William smiled crookedly. “I imagine I deserved it—and I can’t imagine whatever you did to me wasn’t worth the time I got to spend with ye.” He reached across the table and took my hand. “Dinna fash yourself, lass.” As he squeezed my hand, I remembered how I’d felt his hand in mine during my vision.
“That’s how I was able to break the angel stone’s hold,” I said, looking down at his hand. “You put the brooch in my hand …”
“Aye.” He reached under the collar of his shirt and pulled out a leather thong. Hanging from it were both brooches. “I was unpinning your shawl when you started thrashing about, so it was in my hand when I grabbed yours.”
“I saw it in my hand in my vision, and the witch hunter saw it, too. I could tell he was surprised—and frightened. When I laid it on my heart, I was able to break the angel stone’s hold.”
“Then you ought to be wearing it now for protection,” he said, pulling the thong over his head. As he leaned closer to put the thong over my head, I smelled heather. A sprig was in his hair. I pulled it loose … and was flooded with the memory of the dreams I’d had of making love in fields of heather and the sprigs I’d find in my bed afterward. Perhaps he was remembering those dreams, too, because he blushed as he saw the flower in my hand.

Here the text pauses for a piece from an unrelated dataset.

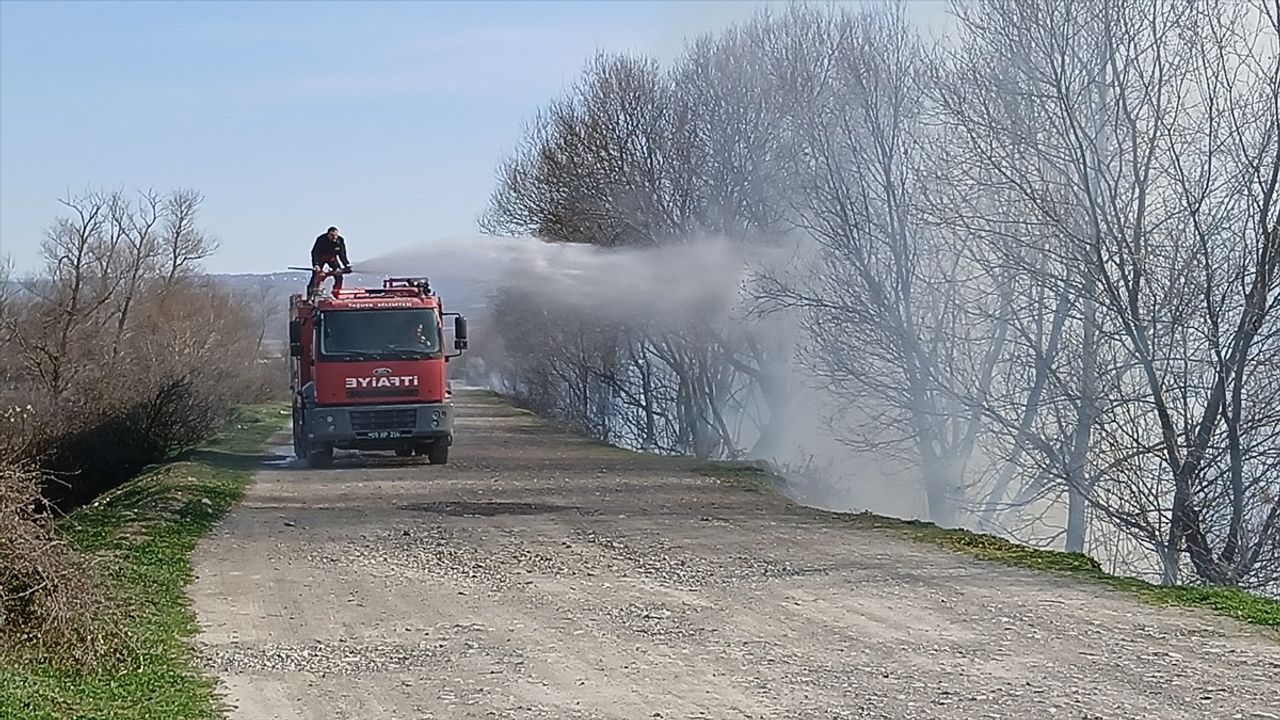 Amasya'nın Taşova İlçesinde Yangın Kontrol Altına Alındı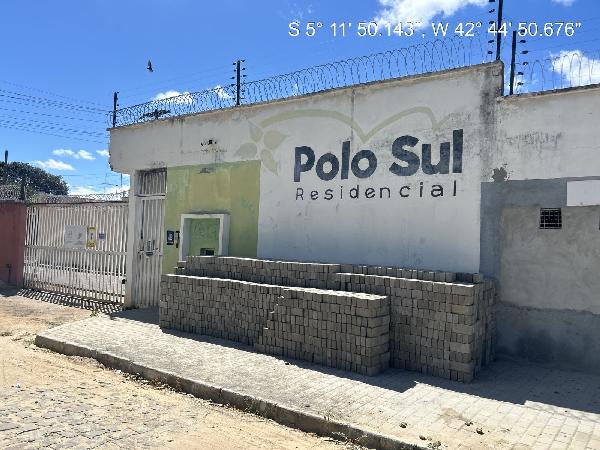Vende-se em Teresina-PI  Casa, 67.73 de área total, 67.73 de área privativa, 130.72 de área do terreno,  3_qto(s), varanda, a.serv, WC, 1_sala(s), cozinha, 1_vaga(s) de garagem.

“Och, aye,” he mumbled awkwardly, “that’s a queer thing. I fell asleep on the hillside today and awoke to find myself surrounded by heather, though it’s too late in the year for the stuff to be flowering.”
I thought about the beds full of flowers I’d awoken to back in Fairwick and wondered what William had been dreaming about. I looked down so he wouldn’t see me blush and fingered the brooch he’d put around my neck. I fitted the two hearts together. I remembered the part from the ballad of William Duffy when the fairy girl breaks her brooch in half and gives one half to William.
“Tell me what Cailleach—the first Cailleach—said to you when she split the brooch in half,” I said.
“Keep this as a token of my love,” he said, so quickly that I guessed he had repeated the lines many times. “My heart will be halved until we are together again. And …”
“There’s something else?” There wasn’t anything else in the ballad.
“Aye, she said that when the two halves were joined again, nothing could hurt us. What? What does it mean?”
“It means,” I said, holding the two halves of the brooch up together, “that I have an idea how to get the stone and destroy those bastards. But I’ll have to speak to your auntie first.”